Hercule Florence foi outro precursor. Francês de Nice, nascido em 1804, estudou artes e aos 20 anos mudou-se para o Brasil onde se instalou como desenhista no Rio de Janeiro. Mais tarde, ele se casou e mudou para São Carlos no estado de São Paulo, onde começou sua pesquisa sobre a impressão pela ação da luz. Em 1833 ele conseguiu obter imagens fotográficas usando uma câmera escura. Não há imagem preservada atestando seus resultados, mas seus registros escritos são bastante convincentes. Ele usava placas de vidro cobertas com goma arábica e cinzas, o componente sensível era cloreto de prata ou ouro e as imagens eram fixadas com hidróxido de amônia. Infelizmente, ele estava em uma colônia não em uma metrópole e suas descobertas nunca deixaram seus próprios arredores. Ele permaneceu usando uma das invenções mais importantes do século para copiar etiquetas de vidro e documentos como diplomas maçônicos. A imagem acima é uma amostra preservada do último. Boris Kossoy (1941) é um fotógrafo e pesquisador com várias obras sobre Hercule Florence. Ele termina uma de suas palestras, publicada em Les Multiples Inventions de la Photographie, com uma citação interessante dos escritos de Hercule Florence: “Em um século que recompensa os talentosos, a Providência me levou a um país onde ninguém se importa com isso. Eu sofro os horrores da miséria, quando minha imaginação é cheia de descobertas. Ninguém me ouve e nem me entende. Nada importa aqui, exceto o ouro, a política, o comércio, o açúcar, o café e a carne humana. Sem dúvida, conheço algumas almas grandes e bonitas, mas em número muito pequeno, não conhecem meu idioma e eu respeito sua ignorância “.

Contato com Daguerre

Voltando a Niépce, ele experimentou com muitas substâncias diferentes, particularmente ele teve uma grande esperança sobre o uso do fósforo, mas nunca obteve resultado algum. Se pensarmos em combinações de suportes como estanho, cobre, lata, prata … substâncias sensíveis à luz como betume, fósforo, iodo, em revelação ou diluição com diferentes óleos, ácidos, ou o que for, além de diferentes tempos e concentrações, para todos esses processos, nós podemos inferir que Niépce empregou milhares e milhares de horas em suas experiências na base de erros e acertos. Não havia uma base teórica. Ele não era um cientista de fato.

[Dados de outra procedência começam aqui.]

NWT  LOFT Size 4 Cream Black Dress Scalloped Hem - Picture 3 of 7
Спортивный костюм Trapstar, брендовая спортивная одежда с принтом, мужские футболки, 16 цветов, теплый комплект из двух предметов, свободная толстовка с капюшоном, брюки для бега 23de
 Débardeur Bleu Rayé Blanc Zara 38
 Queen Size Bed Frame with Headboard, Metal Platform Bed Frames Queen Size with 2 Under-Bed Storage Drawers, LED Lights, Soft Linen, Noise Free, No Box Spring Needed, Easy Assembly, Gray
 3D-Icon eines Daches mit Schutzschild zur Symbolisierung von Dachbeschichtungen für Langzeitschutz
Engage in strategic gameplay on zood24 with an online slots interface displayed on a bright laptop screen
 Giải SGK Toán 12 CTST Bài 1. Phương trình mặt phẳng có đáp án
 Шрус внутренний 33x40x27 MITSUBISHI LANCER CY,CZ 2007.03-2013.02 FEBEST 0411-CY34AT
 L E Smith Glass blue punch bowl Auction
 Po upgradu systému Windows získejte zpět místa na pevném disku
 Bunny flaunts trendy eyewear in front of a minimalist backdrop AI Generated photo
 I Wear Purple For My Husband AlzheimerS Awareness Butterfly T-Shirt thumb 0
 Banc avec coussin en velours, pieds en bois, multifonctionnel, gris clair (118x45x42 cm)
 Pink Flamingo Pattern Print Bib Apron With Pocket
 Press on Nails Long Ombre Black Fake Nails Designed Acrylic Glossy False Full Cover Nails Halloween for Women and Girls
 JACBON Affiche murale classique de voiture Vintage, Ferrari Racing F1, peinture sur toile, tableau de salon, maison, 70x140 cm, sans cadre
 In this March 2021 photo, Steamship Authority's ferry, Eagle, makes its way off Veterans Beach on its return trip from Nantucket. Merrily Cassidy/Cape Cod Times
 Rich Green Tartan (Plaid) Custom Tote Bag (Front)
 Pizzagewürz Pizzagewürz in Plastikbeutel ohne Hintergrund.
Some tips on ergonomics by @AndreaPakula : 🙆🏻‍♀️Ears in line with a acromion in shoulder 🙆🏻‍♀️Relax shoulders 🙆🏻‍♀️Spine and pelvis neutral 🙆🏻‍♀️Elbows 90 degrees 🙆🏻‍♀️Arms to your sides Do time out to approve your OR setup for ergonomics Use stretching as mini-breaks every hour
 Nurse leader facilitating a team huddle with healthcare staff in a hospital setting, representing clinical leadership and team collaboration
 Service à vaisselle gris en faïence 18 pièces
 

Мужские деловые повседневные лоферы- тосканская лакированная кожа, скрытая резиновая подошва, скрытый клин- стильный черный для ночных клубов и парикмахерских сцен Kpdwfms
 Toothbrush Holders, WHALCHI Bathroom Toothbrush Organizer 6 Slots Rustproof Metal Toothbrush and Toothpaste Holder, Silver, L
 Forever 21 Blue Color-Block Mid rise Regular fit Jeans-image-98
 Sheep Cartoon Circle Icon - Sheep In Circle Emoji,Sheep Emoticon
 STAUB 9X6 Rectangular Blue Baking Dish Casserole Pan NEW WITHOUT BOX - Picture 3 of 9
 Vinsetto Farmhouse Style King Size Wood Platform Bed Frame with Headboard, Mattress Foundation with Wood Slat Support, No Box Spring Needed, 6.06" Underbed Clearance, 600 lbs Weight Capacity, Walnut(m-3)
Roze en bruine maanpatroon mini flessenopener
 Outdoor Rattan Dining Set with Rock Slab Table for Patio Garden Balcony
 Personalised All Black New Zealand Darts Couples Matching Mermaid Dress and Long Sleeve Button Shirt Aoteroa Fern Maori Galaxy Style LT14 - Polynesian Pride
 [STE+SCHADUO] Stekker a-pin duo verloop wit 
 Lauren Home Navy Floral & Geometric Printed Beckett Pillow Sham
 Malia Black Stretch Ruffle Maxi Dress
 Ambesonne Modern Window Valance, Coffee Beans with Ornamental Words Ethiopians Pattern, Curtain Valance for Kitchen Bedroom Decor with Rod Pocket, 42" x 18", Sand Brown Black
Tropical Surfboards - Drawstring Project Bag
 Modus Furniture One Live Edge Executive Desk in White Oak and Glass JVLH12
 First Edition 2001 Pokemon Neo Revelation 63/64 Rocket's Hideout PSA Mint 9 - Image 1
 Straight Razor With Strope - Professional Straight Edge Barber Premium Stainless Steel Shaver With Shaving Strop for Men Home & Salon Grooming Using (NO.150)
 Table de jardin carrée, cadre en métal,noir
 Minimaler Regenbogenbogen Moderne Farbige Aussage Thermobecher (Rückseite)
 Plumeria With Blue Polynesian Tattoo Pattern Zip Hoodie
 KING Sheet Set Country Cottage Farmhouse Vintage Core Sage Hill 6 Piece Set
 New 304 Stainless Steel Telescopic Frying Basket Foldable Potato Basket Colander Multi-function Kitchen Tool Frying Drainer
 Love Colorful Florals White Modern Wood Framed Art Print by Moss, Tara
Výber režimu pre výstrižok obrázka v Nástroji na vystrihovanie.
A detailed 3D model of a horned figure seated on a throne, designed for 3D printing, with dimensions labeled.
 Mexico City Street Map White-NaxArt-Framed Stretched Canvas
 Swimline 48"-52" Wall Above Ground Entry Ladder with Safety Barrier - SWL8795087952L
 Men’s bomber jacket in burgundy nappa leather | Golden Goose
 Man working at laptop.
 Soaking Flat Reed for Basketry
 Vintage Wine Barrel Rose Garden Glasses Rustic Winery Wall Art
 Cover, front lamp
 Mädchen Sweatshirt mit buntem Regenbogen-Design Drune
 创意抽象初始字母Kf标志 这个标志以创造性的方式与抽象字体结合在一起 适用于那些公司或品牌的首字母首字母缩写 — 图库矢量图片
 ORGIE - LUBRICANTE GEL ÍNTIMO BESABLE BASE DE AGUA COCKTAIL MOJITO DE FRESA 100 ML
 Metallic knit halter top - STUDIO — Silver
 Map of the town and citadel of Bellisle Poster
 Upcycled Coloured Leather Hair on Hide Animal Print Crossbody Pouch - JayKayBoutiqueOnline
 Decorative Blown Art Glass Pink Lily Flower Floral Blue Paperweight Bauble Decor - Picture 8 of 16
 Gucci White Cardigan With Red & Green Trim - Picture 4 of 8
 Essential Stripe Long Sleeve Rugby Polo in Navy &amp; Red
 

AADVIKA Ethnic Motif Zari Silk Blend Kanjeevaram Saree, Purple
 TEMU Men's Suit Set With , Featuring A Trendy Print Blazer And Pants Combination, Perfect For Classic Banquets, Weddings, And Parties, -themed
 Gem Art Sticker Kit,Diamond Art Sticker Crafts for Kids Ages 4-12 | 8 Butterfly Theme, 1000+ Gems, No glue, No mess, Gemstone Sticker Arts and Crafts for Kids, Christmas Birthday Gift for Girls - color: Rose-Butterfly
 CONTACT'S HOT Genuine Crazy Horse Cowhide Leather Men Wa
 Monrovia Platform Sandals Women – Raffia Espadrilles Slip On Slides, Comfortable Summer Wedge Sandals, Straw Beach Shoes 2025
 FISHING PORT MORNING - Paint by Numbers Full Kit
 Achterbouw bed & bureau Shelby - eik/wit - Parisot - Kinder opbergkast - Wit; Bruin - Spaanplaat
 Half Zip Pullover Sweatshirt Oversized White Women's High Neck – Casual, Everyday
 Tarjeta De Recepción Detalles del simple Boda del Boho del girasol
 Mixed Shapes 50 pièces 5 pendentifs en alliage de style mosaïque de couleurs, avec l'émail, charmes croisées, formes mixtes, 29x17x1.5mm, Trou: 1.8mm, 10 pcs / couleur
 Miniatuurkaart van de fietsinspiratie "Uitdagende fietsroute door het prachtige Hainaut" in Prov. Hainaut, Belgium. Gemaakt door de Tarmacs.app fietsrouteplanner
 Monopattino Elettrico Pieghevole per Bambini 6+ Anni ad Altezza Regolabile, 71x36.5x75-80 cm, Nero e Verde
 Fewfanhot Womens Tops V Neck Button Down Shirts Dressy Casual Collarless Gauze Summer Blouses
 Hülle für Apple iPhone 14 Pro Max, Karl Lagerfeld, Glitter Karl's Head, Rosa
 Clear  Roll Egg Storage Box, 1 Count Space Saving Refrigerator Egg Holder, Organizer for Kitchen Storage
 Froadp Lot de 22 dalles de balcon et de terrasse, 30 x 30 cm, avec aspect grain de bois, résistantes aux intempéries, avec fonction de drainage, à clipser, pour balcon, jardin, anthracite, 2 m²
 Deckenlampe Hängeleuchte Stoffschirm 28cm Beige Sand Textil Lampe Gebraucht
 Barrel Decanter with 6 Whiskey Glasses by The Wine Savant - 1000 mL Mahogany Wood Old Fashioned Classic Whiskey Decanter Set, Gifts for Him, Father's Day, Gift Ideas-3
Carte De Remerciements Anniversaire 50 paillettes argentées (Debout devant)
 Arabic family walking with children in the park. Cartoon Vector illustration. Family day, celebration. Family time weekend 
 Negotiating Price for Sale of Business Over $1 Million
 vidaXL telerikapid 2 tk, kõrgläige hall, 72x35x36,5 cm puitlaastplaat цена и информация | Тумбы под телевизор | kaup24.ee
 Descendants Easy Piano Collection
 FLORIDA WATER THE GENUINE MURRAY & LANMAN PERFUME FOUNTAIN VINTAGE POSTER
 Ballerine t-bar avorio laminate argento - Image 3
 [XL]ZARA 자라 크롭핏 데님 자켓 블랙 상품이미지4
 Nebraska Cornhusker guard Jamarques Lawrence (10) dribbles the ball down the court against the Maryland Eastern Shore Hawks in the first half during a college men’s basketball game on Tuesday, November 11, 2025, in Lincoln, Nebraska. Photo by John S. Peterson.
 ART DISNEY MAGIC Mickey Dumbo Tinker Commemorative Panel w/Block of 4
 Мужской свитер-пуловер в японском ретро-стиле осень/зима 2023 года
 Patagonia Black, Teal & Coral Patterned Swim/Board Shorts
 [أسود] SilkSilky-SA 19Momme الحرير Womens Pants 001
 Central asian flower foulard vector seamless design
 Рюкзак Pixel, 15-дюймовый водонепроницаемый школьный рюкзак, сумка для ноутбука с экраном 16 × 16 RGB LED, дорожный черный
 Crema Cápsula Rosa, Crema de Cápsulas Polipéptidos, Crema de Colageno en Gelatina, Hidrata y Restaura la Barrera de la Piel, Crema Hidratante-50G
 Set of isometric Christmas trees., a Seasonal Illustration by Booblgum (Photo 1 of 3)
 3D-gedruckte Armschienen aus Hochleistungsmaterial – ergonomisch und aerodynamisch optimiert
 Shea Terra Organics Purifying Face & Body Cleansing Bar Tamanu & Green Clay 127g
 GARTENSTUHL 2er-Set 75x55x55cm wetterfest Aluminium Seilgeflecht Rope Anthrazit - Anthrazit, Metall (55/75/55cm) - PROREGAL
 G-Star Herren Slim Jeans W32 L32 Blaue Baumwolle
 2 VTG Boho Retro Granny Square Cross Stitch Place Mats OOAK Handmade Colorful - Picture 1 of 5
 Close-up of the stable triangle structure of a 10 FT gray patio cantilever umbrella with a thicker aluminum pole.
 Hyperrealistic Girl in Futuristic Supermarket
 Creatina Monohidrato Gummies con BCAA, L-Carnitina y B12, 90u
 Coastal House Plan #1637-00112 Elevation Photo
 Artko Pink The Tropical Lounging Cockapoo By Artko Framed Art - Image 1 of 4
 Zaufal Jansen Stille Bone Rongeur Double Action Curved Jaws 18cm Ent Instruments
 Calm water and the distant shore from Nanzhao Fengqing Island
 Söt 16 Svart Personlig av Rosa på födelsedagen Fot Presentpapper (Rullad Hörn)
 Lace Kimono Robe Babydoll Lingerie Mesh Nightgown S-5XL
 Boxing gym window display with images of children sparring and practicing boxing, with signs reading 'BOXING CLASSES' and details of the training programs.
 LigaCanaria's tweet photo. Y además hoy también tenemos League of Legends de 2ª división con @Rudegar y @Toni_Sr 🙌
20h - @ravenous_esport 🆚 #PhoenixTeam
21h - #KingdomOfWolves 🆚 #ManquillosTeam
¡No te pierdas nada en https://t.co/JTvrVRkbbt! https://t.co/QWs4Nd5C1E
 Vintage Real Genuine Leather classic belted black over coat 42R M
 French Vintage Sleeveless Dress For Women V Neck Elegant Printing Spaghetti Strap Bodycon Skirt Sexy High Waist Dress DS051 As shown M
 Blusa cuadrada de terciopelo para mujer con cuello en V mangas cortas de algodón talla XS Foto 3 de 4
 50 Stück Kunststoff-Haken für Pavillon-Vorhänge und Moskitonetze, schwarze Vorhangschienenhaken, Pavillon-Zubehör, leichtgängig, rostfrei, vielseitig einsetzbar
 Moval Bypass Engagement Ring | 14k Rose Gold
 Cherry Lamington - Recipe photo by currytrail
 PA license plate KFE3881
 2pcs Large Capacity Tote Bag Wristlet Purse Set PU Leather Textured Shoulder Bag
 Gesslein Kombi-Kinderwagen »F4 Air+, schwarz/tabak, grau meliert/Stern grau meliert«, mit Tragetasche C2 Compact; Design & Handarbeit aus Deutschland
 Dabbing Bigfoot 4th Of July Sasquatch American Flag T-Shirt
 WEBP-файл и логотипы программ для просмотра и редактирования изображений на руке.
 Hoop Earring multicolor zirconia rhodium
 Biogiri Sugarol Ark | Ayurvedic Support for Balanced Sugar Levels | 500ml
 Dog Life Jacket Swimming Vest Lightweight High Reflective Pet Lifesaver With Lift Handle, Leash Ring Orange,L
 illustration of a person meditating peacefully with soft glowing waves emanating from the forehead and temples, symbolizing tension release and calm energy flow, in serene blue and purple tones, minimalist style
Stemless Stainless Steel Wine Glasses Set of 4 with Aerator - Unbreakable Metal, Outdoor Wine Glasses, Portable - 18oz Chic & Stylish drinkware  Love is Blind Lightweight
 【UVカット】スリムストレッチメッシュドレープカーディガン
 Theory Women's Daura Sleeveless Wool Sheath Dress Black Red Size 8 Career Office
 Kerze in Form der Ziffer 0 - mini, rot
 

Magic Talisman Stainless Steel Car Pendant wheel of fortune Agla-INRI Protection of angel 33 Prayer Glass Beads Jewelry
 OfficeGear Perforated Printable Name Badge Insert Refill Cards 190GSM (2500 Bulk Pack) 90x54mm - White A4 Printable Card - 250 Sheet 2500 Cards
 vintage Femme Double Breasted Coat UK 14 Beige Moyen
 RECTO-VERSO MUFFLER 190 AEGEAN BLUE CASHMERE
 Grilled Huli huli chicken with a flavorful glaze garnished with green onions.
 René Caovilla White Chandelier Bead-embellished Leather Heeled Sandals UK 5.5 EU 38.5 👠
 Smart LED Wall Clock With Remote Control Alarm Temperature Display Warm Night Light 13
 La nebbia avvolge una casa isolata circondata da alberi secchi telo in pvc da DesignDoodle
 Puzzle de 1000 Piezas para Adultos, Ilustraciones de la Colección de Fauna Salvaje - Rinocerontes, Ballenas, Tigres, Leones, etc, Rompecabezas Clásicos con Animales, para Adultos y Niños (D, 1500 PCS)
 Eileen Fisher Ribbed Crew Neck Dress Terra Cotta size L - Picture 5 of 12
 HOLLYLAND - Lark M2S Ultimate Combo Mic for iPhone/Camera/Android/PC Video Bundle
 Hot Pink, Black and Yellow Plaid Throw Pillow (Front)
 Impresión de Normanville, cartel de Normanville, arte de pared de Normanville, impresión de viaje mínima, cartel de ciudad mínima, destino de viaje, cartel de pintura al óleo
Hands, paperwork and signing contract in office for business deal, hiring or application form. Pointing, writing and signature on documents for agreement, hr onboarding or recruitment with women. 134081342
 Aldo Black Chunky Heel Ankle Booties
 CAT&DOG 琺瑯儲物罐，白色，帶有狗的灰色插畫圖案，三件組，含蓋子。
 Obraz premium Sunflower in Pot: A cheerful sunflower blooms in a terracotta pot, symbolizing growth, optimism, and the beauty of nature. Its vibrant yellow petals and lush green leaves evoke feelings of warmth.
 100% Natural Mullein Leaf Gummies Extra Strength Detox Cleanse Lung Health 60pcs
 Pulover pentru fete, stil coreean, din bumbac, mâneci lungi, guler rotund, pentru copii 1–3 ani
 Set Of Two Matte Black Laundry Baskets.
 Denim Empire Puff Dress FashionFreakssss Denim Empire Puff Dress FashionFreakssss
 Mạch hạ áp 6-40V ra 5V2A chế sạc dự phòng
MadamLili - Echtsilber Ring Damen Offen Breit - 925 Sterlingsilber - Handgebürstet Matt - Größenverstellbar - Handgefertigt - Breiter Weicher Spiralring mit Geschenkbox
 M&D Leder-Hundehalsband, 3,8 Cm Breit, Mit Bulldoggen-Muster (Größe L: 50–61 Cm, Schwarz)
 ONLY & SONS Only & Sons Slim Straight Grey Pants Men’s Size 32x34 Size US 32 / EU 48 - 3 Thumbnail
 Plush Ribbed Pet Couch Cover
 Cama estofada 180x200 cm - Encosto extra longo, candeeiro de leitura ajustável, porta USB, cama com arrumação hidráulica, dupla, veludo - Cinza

No final dos anos vinte, ele estava convencido de que a qualidade das imagens produzidas por sua câmera escura era um problema. Em 1826, ele pediu a seu primo, que estava indo para Paris, para lhe trazer várias lentes de Vincent e Charles Chevalier, reconhecidos ópticos naqueles tempos (Fouque p117).  Foi assim que Charles Chevalier conheceu a natureza e os resultados das pesquisas realizadas por Niépce, e parece que foi Charles Chevalier que estabeleceu contato entre Niépce e Louis Daguerre.

Imagens impressas sobre metal , por contato, gravadas a ácido, usando o processo Heliográfico inventado por Niépce. São datados de 1823 a 1828

Daguerre era um artista, pintor e empresário trabalhando em uma espécie de negócio de entretenimento, o Diorama, que era um grande sucesso em Paris. Ele se aproximou de Niépce, que correu buscar referências sobre ele com o gravador Lamaître (carta de jan/1827 – Fouque p126 ): “Você conhece um dos inventores do Diorama, este Sr. Daguerre? O motivo pelo qual eu estou perguntando é que este cavalheiro, informado, não sei muito bem como, sobre o assunto da minha pesquisa, me escreveu no ano passado, em janeiro, para me informar que, desde há muito tempo, ele estava pesquisando o mesmo que eu e me perguntou se eu teria sido mais feliz do que ele em meus resultados. No entanto, segundo ele, ele já havia obtido algo de  muito impressionante e, além disso, me pediu para lhe dizer, antes de tudo, se eu considerava a ideia toda possível. Não vou esconder, senhor, que tal inconsistência de idéias, teve o efeito de muito me surpreender, para dizer o mínimo “.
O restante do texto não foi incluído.